The Chaîne des Puys-Limagne fault
It is one of the most recent additions to UNESCO's World Heritage—but not the least important! Stretching over some 32 km (20 miles) long and 4 km (2.5 miles) wide, the Chaîne des Puys-Limagne fault in Auvergne is a tectonic hotspot, a true witness of this fracture of the earth's crust, which led to the formation of this alignment of 80 volcanoes. The word puy is a regional term for a volcanic hill, which dot Auvergne.
This breathtaking landscape that can be observed in full length by climbing to the top of the Puy de Dôme, the highest point of the Chaîne des Puys, at 1,465 m (4,806 feet). From up there, you can admire this series of volcanoes with various shapes: cones like Puy Pariou; domes, like the famous Puy de Dôme; or maars, shallow craters which form when water comes into contact with magma, like the narse d'Espinasse or the Beaunit maar.
The basilica of Notre-Dame-du-Port in Clermont-Ferrand
This 12th-century Romanesque church has been a UNESCO World Heritage Site for more than 20 years as part of the "Routes of Santiago de Compostela in France ." Less known than the emblematic Clermont-Ferrand Cathedral, which is entirely made of Volvic lava stone, the basilica more than worth a visit.
While this Romanesque monument was built in arkose, a sandstone with a warm hue formerly quarried from Montpeyroux, you still find certain elements of Volvic lava stone. This is particularly the case with the mosaics surrounding the apse, and one of the bell towers rebuilt in the 19th century before the basilica was included in the inventory of historic monuments.
You must admire its portal carved with scenes from Christ's childhood, its pyramidal apse decorated with rosettes, or its 250 sculpted Romanesque chapters. And don't forget to take a look at the works of art it contains, like a statue of the Virgin nursing or even The Annunciation, by Philippe de Champaigne.
Cathedral of Le Puy-en-Velay
Perched at the top of the basalt rock overlooking the city, the Cathedral of Le Puy-en-Velay watches over its inhabitants.

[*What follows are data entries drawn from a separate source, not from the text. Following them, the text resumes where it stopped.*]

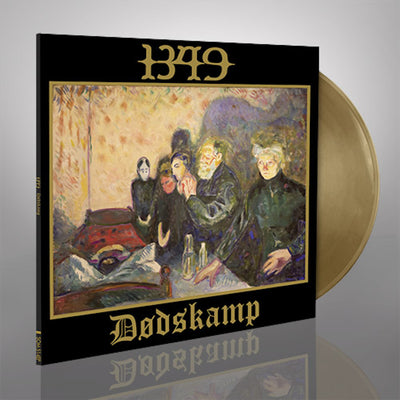 1349 - Dødskamp - 10" single Gold - Nordic Music Merch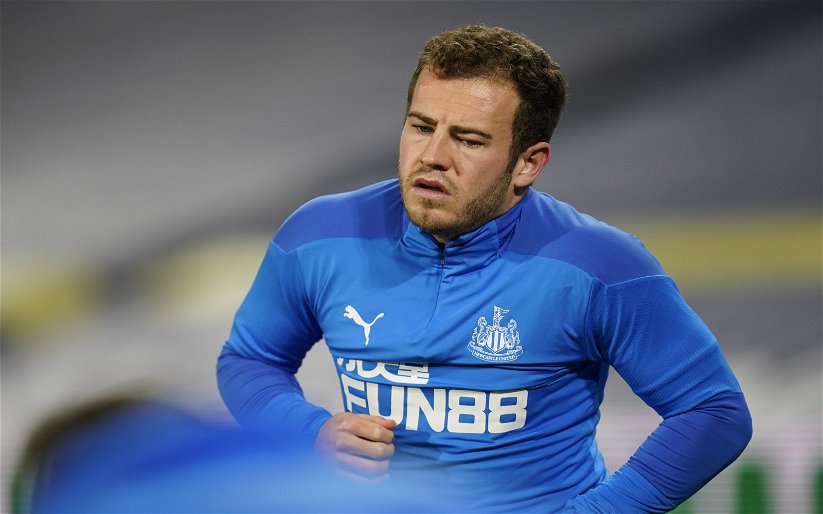 Image for Damning Statistics Show Ryan Fraser is Letting Newcastle Down [Opinion]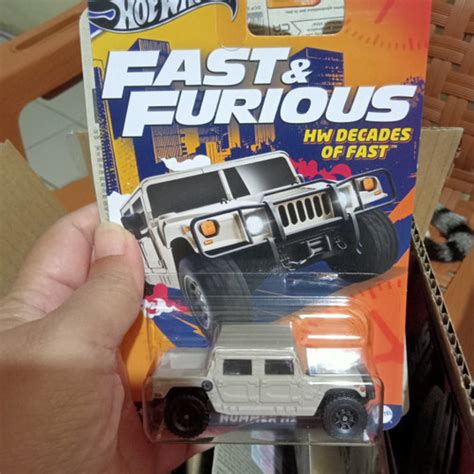 Jual HOT WHEELS FAST FURIOUS HUMMER H Kab Bekasi SIMBADA SHOP Tokopedia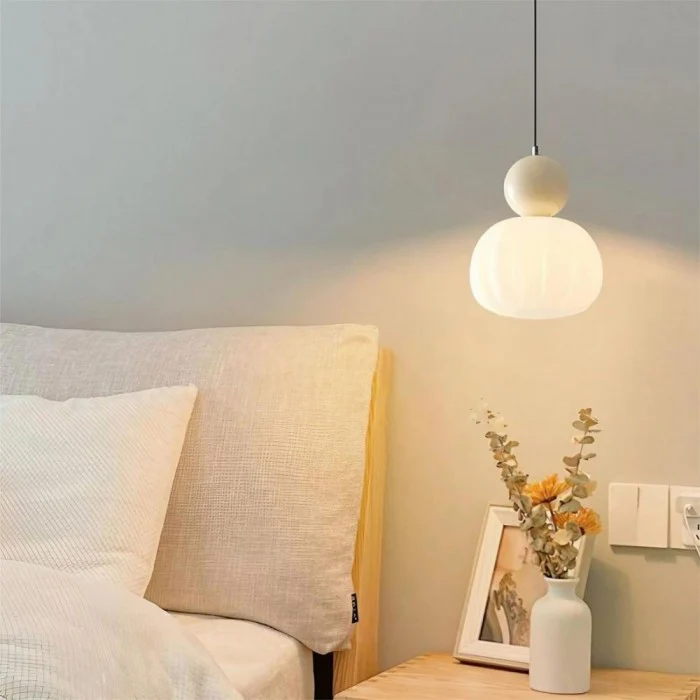 Creative Mini Pumpkin Shade Pendant Lamp - Image 4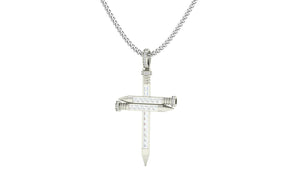 Radiant Wrapped Cross Necklace Radiant Wrapped Cross Necklace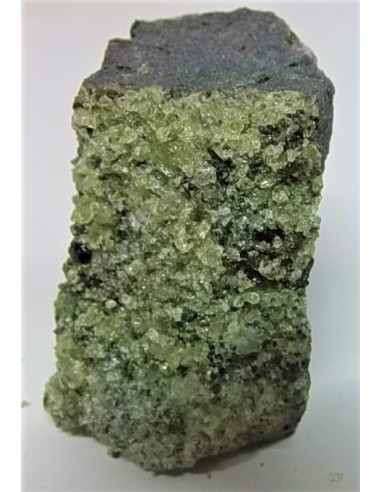 olivine, peridot Chrysolite, cristallisee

Extended over the centuries to accommodate the growing number of pilgrims en route to Santiago de Compostela, this sanctuary dedicated to the worship of the Virgin has made good use of the difference in height to spread out on the top of Mount Anis. You can reach it by climbing the imposing 100-step staircase, at the top of which stands the facade of the building with alternating dark and light archstones or its mosaics.
People come here to admire the "Black" Virgin of Le Puy, a replica of the original statue brought from the East by Saint-Louis in 1254, as well as the murals and other frescoes decorating the monument.
Another must-see is the cloister and its machicolation building, symbol of the power of the religious community that reigned between these walls.